→ Exercise goal
For every line in the entries that contains "calendrier", show the whole line.

════════════════

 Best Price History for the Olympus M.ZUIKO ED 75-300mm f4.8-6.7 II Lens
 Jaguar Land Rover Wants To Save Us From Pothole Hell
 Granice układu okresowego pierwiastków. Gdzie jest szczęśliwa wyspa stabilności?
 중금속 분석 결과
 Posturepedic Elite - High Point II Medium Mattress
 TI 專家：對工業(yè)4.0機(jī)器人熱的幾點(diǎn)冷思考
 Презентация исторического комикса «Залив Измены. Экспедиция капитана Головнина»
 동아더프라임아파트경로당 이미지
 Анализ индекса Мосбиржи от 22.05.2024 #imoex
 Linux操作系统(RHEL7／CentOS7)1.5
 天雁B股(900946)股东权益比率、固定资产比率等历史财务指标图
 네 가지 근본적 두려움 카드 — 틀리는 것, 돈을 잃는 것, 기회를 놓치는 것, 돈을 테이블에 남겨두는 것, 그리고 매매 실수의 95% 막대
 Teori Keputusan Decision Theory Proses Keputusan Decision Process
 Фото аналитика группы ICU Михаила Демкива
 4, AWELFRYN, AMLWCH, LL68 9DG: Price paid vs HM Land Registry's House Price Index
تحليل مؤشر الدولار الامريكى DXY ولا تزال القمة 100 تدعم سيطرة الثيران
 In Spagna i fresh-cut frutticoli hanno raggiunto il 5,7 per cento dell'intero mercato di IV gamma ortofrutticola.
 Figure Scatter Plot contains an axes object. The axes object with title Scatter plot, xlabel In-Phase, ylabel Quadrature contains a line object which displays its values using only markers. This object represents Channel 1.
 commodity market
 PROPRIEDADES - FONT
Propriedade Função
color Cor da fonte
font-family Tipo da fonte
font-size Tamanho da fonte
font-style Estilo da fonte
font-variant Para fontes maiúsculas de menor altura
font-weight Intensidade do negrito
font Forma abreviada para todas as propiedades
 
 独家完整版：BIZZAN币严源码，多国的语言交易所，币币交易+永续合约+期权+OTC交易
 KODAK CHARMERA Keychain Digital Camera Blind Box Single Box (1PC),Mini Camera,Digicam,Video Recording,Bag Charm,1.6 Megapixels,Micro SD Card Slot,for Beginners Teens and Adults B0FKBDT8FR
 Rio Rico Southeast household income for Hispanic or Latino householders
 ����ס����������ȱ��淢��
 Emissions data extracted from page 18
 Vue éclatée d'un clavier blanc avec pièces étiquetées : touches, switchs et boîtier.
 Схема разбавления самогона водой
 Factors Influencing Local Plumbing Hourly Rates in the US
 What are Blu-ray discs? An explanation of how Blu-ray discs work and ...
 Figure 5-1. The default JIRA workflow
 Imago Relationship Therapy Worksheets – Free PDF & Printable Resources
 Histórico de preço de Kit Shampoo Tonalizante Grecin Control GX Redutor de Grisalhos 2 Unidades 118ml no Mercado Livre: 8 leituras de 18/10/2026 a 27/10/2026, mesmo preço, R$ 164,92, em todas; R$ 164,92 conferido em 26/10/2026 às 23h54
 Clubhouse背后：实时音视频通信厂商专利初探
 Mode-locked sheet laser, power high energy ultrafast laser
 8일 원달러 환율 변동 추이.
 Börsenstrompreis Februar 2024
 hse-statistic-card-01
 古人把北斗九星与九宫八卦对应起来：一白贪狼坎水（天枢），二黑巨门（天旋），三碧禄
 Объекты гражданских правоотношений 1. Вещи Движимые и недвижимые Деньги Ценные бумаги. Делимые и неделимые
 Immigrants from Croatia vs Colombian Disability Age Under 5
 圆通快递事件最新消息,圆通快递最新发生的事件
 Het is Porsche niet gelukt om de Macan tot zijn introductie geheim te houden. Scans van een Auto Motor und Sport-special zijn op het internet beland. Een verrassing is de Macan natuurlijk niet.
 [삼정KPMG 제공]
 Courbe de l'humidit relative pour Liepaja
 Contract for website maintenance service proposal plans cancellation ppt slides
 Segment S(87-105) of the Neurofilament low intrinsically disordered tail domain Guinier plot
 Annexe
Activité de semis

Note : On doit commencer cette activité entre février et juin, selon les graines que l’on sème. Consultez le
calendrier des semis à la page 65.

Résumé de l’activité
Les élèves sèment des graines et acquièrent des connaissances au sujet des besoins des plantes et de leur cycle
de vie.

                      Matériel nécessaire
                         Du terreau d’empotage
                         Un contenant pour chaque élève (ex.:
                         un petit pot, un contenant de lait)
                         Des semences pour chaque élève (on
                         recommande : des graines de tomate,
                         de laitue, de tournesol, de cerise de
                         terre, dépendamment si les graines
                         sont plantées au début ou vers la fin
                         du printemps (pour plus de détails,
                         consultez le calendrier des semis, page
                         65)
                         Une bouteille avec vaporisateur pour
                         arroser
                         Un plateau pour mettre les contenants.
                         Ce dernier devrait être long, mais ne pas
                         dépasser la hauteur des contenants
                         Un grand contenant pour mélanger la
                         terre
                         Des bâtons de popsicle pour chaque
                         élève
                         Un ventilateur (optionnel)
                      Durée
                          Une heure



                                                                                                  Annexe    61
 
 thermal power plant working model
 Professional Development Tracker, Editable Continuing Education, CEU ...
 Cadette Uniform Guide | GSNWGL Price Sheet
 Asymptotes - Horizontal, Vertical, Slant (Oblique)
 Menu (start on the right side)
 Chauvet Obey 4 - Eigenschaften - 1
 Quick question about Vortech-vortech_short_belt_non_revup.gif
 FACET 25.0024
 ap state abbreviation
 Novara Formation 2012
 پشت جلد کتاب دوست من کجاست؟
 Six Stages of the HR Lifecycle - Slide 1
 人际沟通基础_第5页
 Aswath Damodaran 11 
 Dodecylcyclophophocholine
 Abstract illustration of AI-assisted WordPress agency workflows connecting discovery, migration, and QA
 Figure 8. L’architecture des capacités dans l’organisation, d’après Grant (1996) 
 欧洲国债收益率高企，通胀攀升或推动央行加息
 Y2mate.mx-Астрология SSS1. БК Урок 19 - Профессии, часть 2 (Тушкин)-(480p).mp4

════════════════

→ Task result
calendrier des semis à la page 65.
                         consultez le calendrier des semis, page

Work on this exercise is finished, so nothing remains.